» **WHAT TO PRODUCE**: Could you retype exactly the lines below between the one holding "五一班丰富多彩的假期作业" and the one holding "NFL Green Bay Packers Print Hoodie Grau XS", inclusive, leaving out any pictures?

» **DATASET ENTRIES**:
[Start of section]

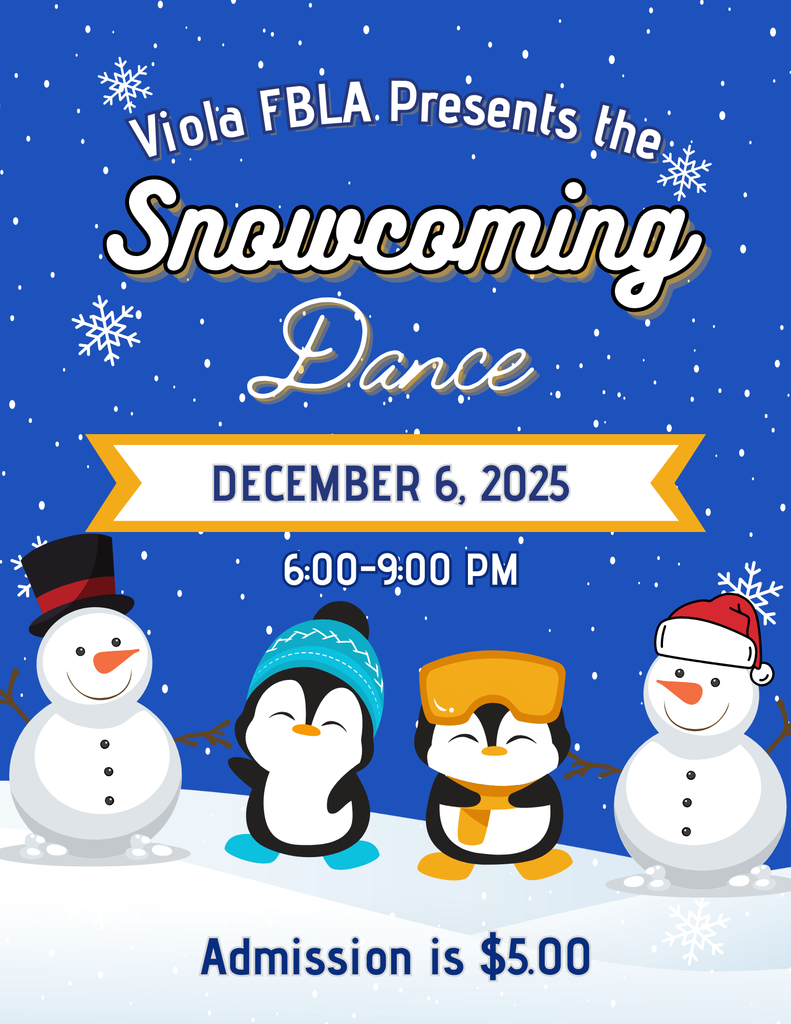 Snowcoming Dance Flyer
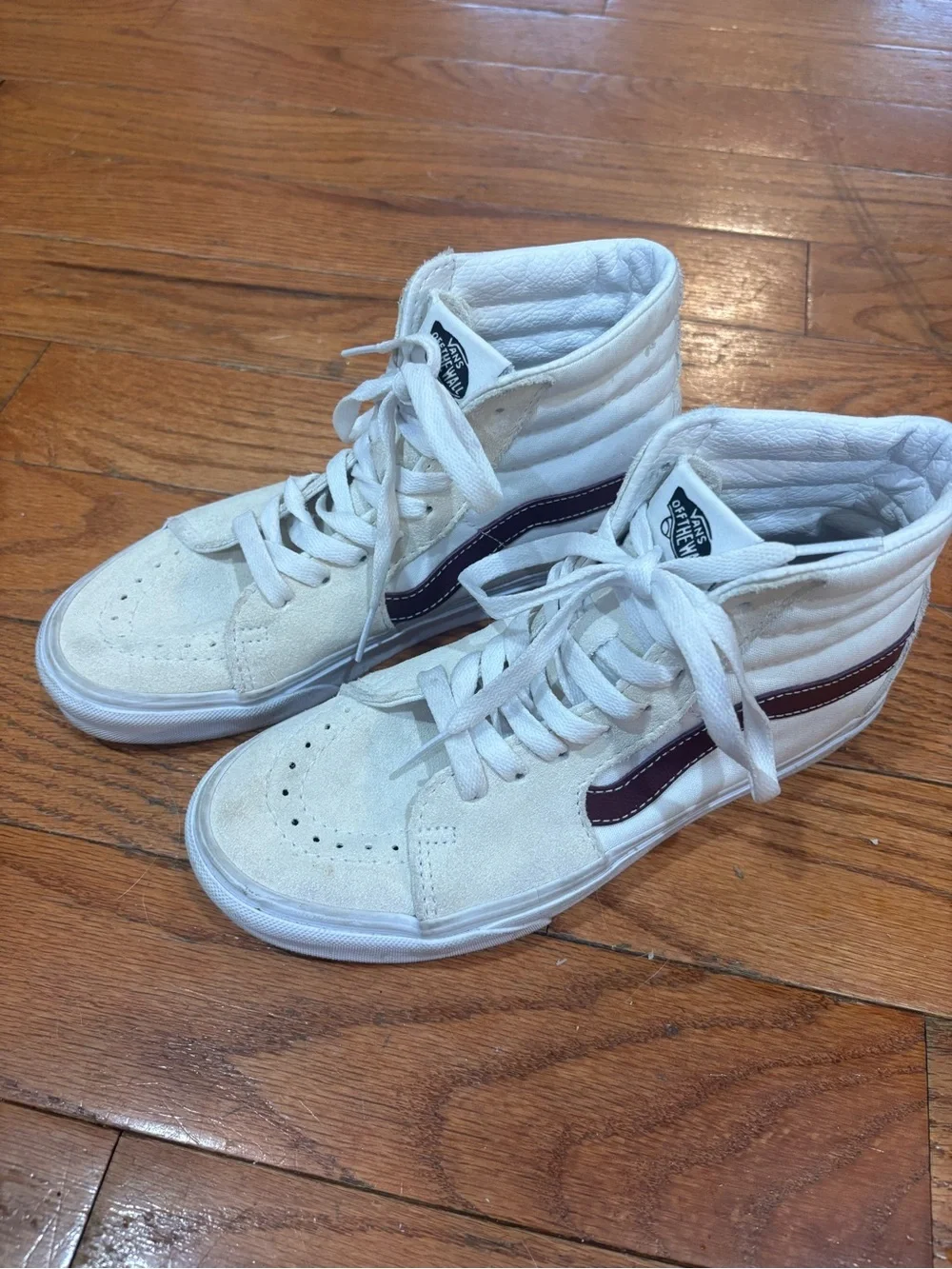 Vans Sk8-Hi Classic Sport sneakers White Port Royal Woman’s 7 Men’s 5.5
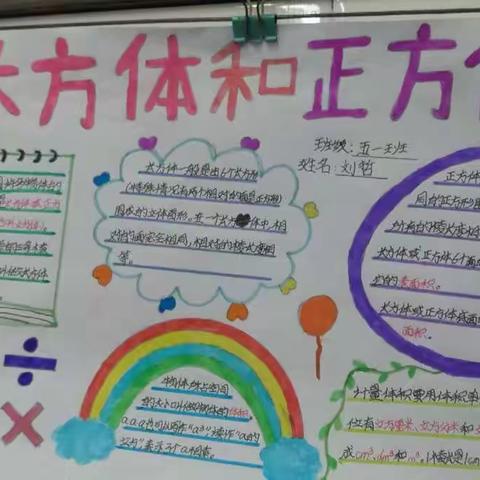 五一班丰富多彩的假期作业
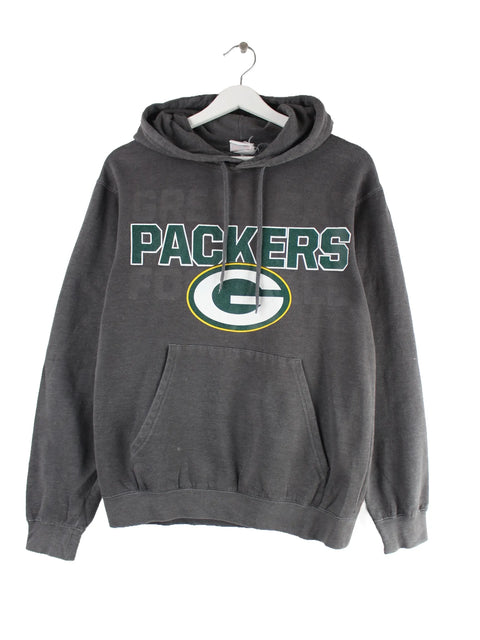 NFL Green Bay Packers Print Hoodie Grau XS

[End of section]
[Start of section]

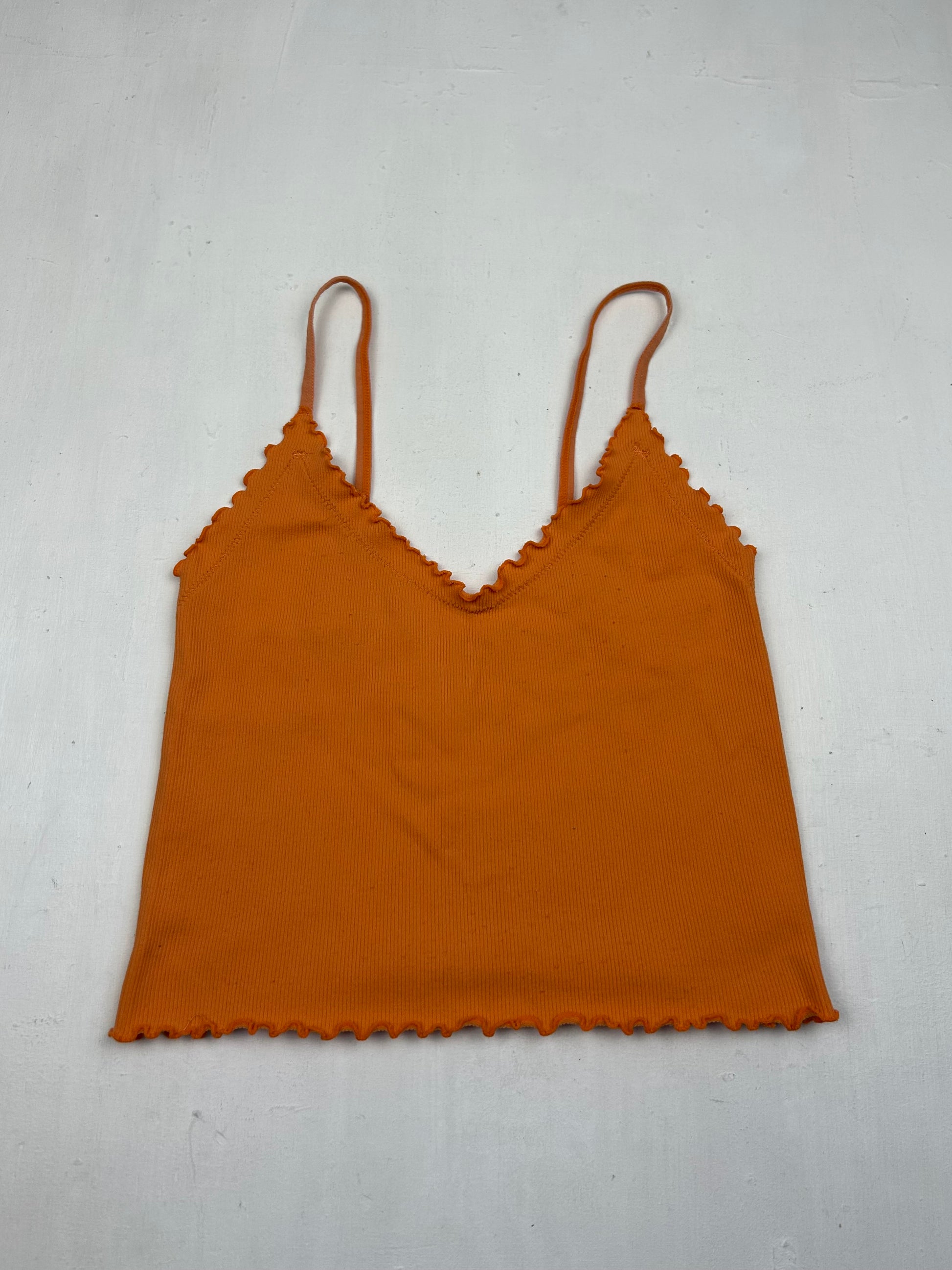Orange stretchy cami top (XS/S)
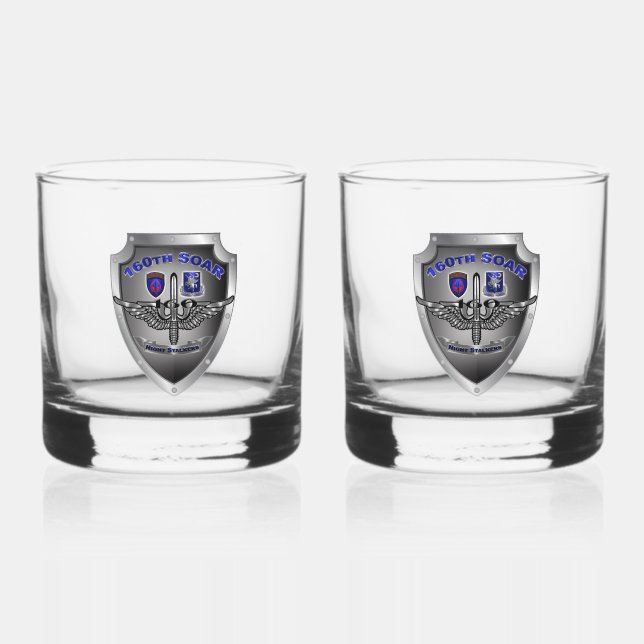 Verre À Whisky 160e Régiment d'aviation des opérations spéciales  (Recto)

[End of section]

» **SOLUTION TO THIS PROBLEM**:
 五一班丰富多彩的假期作业
 NFL Green Bay Packers Print Hoodie Grau XS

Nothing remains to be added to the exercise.